14 Replies Latest reply: Oct 26, 2009 10:40 AM by Jeff DeLong RSS

SAVARA identifies service repository usage requirements

Jeff DeLong Master

The SAVARA project has specified a draft of a "Testable Architecture Methodology" at:

http://www.jboss.org/community/wiki/TestableArchitectureMethodology

This methodology identifies several requirements for a service repository to support the management of services and their related artifacts created by SAVARA tooling.

Please review the WIKI page referenced above and comment on the WIKI page itself, or for specific discussions of repository usage, reply to this forum posting.

Thanks.

  • 1. Re: SAVARA identifies service repository usage requirements
    Gary Brown Master

    Along with reviewing the requirements of SAVARA in terms of its use of the repository, I also wanted to return to a previous topic on this forum, that of the repository structure.

    This is because one of the issues with SAVARA using the repository is that, although services are an important part of the lifecycle, SAVARA actually starts earlier in the development lifecycle, and therefore needs to deal with other types of artifacts (such as requirements and architectural models) that are defined prior to any services being created.

    In the previous thread on the topic of repository structure, I believe a hierarchy approach was being explored, where services would be contained in a top level 'services' node, and other top level nodes for 'schemas', 'policies', etc.

    However I see this as imposing a structure on an organisation, whereas they may want to group their services and artifacts in their own way - e.g. by business unit.

    So I was wondering whether a tag or query based approach might be better - so we have the repository as unstructured, but define the structure we want to present to a particular type of user just in the view (i.e. console).

    So for someone interested in services, that would be their main view - based on a query looking for services in the repository. Perhaps the GUI could enable the views to be customised for each user, or for the group the users belong to.

    Similarly for architects, they may only be interested in the architectural models as being their main focus.

    However, whatever artifacts/components (i.e. services) are returned from a query and presented in a user's view, it should be possible to easily navigate from those components to other related components. So in the case of a service, it should be easy to navigate to dependent contracts (wsdl), information models (ddl, xsd), etc.

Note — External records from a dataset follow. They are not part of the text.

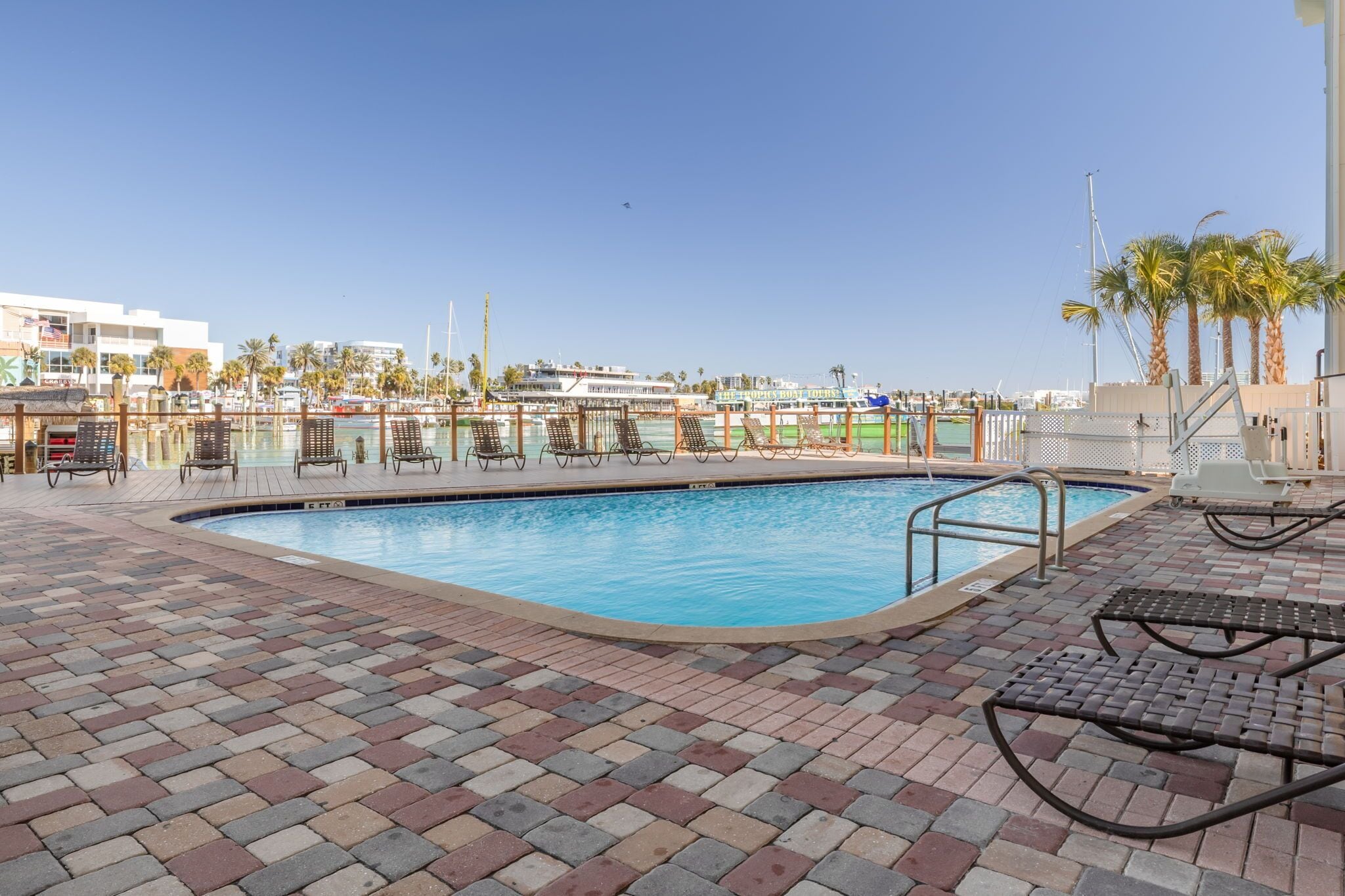 Une piscine entourée de chaises longues et de palmiers, le tout bordé d’une terrasse en briques.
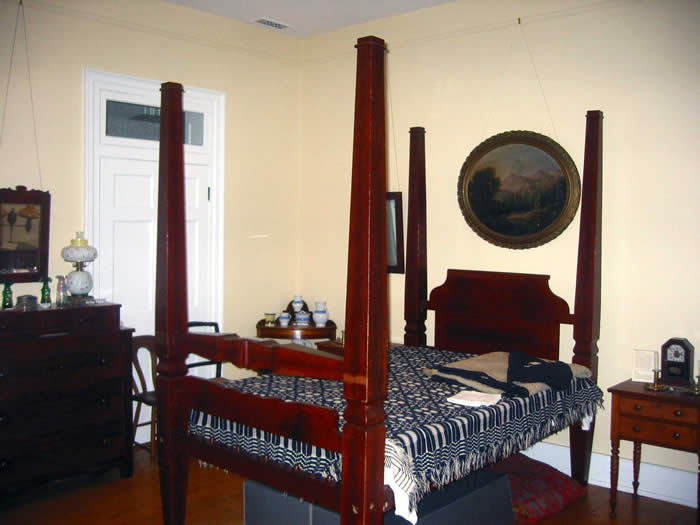 Bedroom furnished with a four-poster bed, nightstand, and dresser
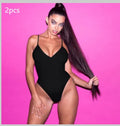 Backless one-piece swimsuit for women with string sides in a solid colour.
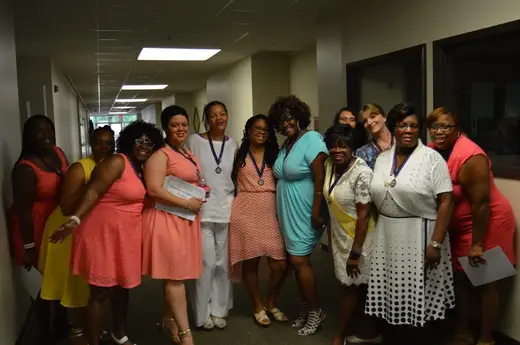 Group of women celebrating at Mary Hall Freedom Village, a sober living home in Atlanta.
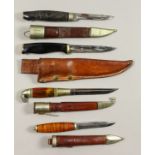 A Collection of Five 20th Century Continental Hunting Knives, each with scabbard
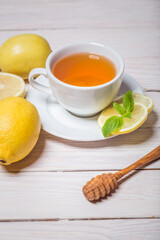 Ginger tea with mint, lemon and honey. Homemade warming tea for colds and flu.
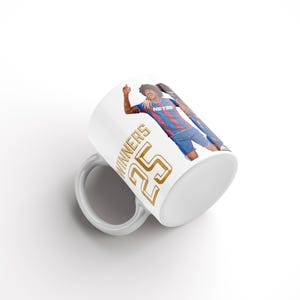 May include: White ceramic mug with a person in a blue and red sports uniform. The mug has the text "WINNERS 25" in gold. The person is celebrating. A sports-themed gift. The mug is a standard size.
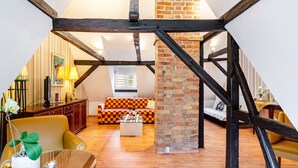 Ein Loft-Zimmer mit freiliegenden Holzbalken, einer Ziegelsteinsäule, einem karierten Sofa und einer Essecke mit Tisch und Stühlen.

    It should also be possible to easily add new dependencies to components - so if a service, then it should be possible to query other artifacts in the repository that can be associated with a service (e.g. wsdl, xsd, etc). Appropriate rules could be used to determine what artifacts can be associated with each other, and validation rules to determine whether the components and their dependencies are correct.

    So just to clarify the approach - for anyone who has used googlemail - think about the way it works. There is no folders or hierarchies - each email just has one or more labels, and the user just decides which label they are interested in - and a particular email could have multiple labels and therefore be seen in multiple views.

    The reason why I would prefer not to have any structure imposed on the repository itself is that it provides greater flexibility in using DNA as the repository implementation - as (for example) DNA may federate a number of existing repositories with different artifacts in each repository, We need to be able to reuse those artifacts without forcing them to be restructured into our predefined hierarchy.

  • 2. Re: SAVARA identifies service repository usage requirements
    Jeff DeLong Master

     

    In the previous thread on the topic of repository structure, I believe a hierarchy approach was being explored, where services would be contained in a top level 'services' node, and other top level nodes for 'schemas', 'policies', etc.


    I have not looked at the previous forum posting recently, but I was always talking about what things looked like from the view of the user, i.e. the GUI application.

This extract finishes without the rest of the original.